Now about the music: I don't agree about the drop to a
piano
at the 17th measure, lawsy no! After the full strong half note pulse with accents and the general
ff
, it would only appear as an affectation! I should have right in the first measure put
sempre
after the
ff
. It should be
ff
throughout and always a quarter to 63 with the natural push forward towards 70 circa which happens by itself. It must be very sustained, very bold, the notes will provide the necessary
espressivo
I believe. The chord quality at measure 17 is sufficient to stir emotionally anyone capable of being touched by the chord without changing the dynamics. You mistake my meaning of the word, nuance; it does not mean dynamics – I'd rather it meant conception and feeling for the natural flow and modulation of the whole musical line,
chiaro
? I'm not worried in the least, I know you'll do a beauty of a job. And if you can keep a secret, a venture is afoot which will mean much for both of us if it works out with Victor. I enclose $2 for the test recording and as soon as I've heard it, I shall let you know my feelings.
Why let us start a series of polemics? You say I should know you by now, I can hardly agree with that. You never allowed me to, ever. I tried in so many ways to know you better, looked forward to seeing you in NY, but you didn't come last spring, came to Tanglewood to see you but got a cold shoulder […] At Yaddo […] I was simply hurt by the strain you forced to exist in not being open enough about your true feelings. It would have been far better to have said, “David, understand that there can be no physical relationship between us, therefore I'd rather not stay with you tonight.” […] It's all right though now. Nothing matters much right now.
Always,
David
68. Aaron Copland to Leonard Bernstein
Hotel Empire, Broadway at 63rd Street, New York, NY
6 November [1940]
Dear LLLLLLL,
Your latest burned the end of my fingers. The next one will probably burn up en route. All I can say is that you've made rapid progress. All that's missing is for you to fall in love with a hermaphroditic goat … or sumpin’.

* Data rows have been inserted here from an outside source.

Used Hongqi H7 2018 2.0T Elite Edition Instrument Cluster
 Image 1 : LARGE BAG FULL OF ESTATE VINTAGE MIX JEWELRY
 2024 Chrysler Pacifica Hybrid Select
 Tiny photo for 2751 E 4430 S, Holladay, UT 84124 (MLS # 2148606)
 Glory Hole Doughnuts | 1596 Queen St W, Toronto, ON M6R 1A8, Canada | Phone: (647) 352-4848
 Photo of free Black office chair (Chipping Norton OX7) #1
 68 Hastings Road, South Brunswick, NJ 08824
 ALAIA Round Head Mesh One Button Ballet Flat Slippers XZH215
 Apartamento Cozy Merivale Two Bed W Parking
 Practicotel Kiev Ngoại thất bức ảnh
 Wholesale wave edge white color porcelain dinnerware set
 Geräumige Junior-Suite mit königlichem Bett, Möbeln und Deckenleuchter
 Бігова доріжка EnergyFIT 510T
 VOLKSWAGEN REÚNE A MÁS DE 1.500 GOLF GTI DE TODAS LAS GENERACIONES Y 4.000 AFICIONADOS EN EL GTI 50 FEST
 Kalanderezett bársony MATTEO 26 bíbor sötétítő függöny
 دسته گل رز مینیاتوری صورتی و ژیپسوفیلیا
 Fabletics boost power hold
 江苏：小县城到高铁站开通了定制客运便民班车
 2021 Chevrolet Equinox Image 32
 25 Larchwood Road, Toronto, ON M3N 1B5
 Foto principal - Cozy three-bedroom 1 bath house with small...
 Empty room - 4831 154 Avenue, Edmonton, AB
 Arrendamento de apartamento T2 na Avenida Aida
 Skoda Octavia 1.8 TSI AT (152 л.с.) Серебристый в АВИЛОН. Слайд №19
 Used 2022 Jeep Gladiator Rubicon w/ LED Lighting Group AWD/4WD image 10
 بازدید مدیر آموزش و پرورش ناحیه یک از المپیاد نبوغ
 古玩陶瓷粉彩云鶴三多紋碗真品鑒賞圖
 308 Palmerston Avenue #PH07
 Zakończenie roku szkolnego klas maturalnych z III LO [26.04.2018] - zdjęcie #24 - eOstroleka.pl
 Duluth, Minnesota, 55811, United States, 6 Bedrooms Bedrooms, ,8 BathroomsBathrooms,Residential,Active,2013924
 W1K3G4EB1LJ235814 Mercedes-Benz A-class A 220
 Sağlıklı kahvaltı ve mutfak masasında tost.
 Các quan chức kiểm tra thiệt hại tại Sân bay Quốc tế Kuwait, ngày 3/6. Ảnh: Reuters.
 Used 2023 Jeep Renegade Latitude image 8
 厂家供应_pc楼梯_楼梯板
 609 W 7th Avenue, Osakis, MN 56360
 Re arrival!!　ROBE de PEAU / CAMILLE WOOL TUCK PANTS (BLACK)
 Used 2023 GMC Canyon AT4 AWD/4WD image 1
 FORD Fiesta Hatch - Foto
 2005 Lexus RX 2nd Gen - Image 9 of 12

I vaguely remember the Mr. Nelson you mentioned. It was two years ago on the way to France. It was his great moment – just at the age when the world seems too too wonderful, and he [was] sought after by all the most desirable creatures, a different bed every night, etc., etc. That type is the worst after the first fresh glow of youth is gone. All his stories are rot, of course.
The enclosure by D[avid] D[iamond] is also sumpin! The less said the better. There is a frighteningly dumb and humorless streak in the boy.
I'm up to my neck in fussing over the new loft. V[ictor Kraft]'s dark room is sumptuous, but all my things are strewn to the four corners of the joint. It's awful – I'll never move again.
Don't forget to listen in on Sat. at 9:35.